### What you should do:
Leave out the pictures and restate the rest of the data exactly.

### Dataset content:
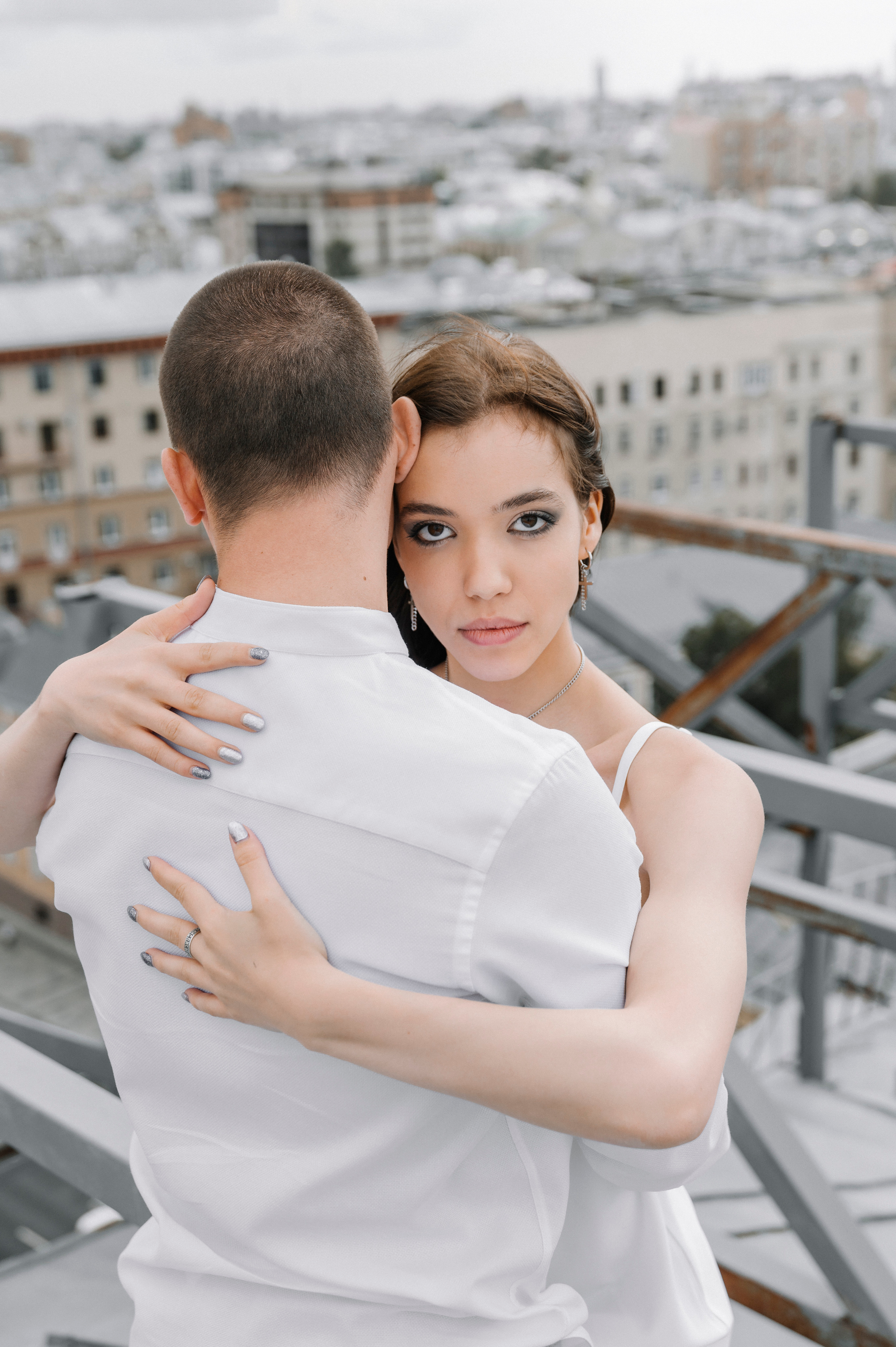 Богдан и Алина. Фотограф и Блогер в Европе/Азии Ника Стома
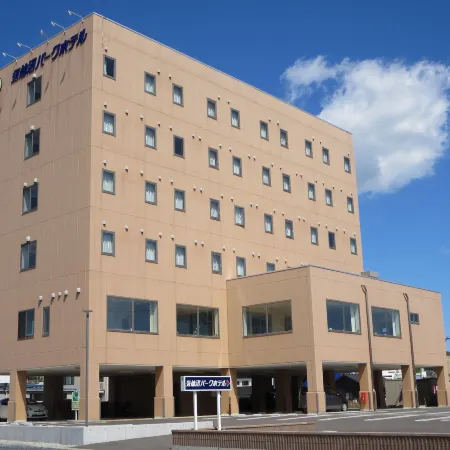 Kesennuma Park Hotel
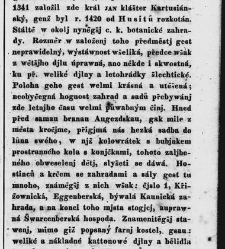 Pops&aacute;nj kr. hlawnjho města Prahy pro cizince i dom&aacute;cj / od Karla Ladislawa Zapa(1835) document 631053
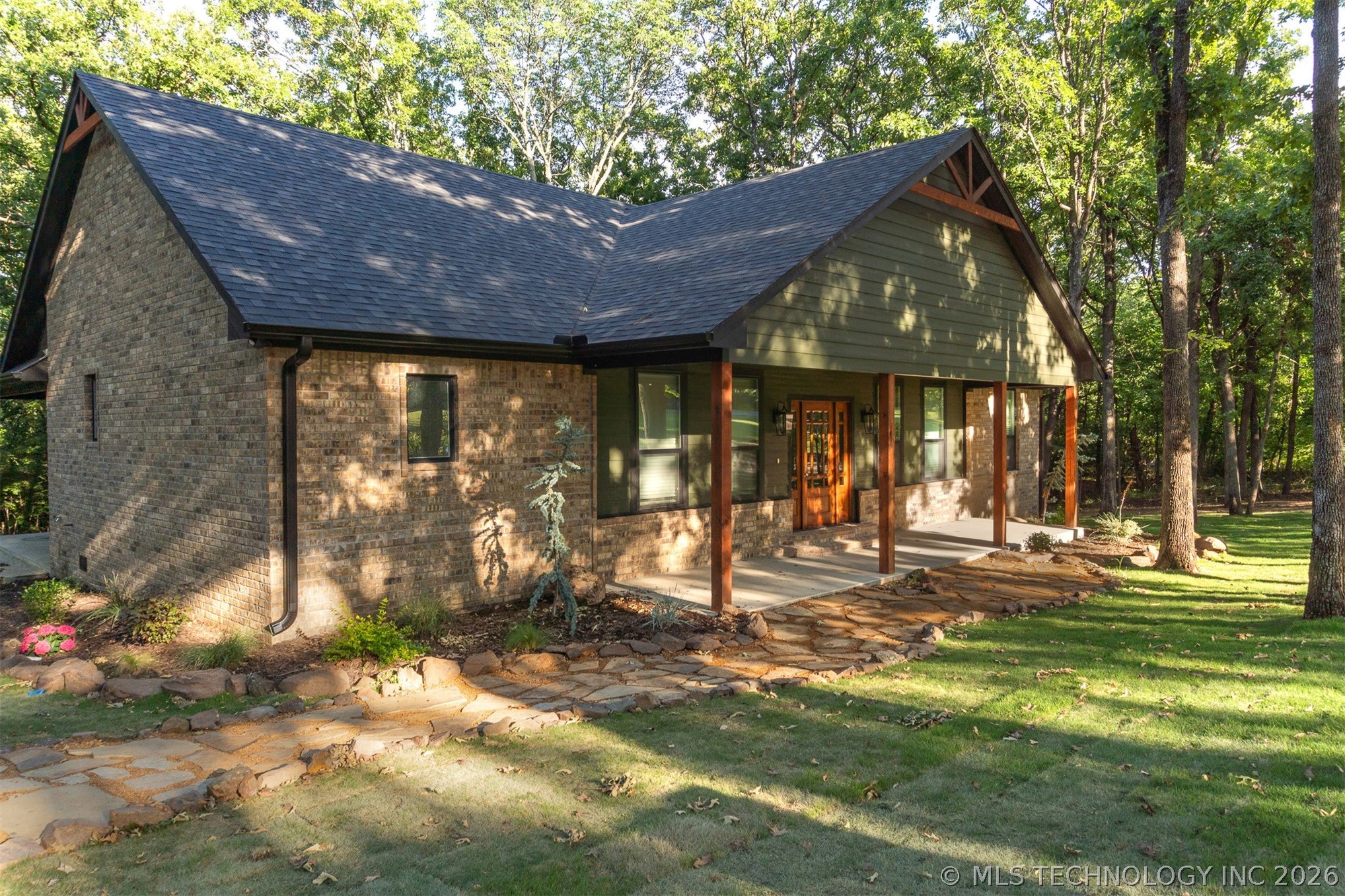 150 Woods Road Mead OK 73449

### Your solution:
 Богдан и Алина. Фотограф и Блогер в Европе/Азии Ника Стома
 Kesennuma Park Hotel
 Pops&aacute;nj kr. hlawnjho města Prahy pro cizince i dom&aacute;cj / od Karla Ladislawa Zapa(1835) document 631053
 150 Woods Road Mead OK 73449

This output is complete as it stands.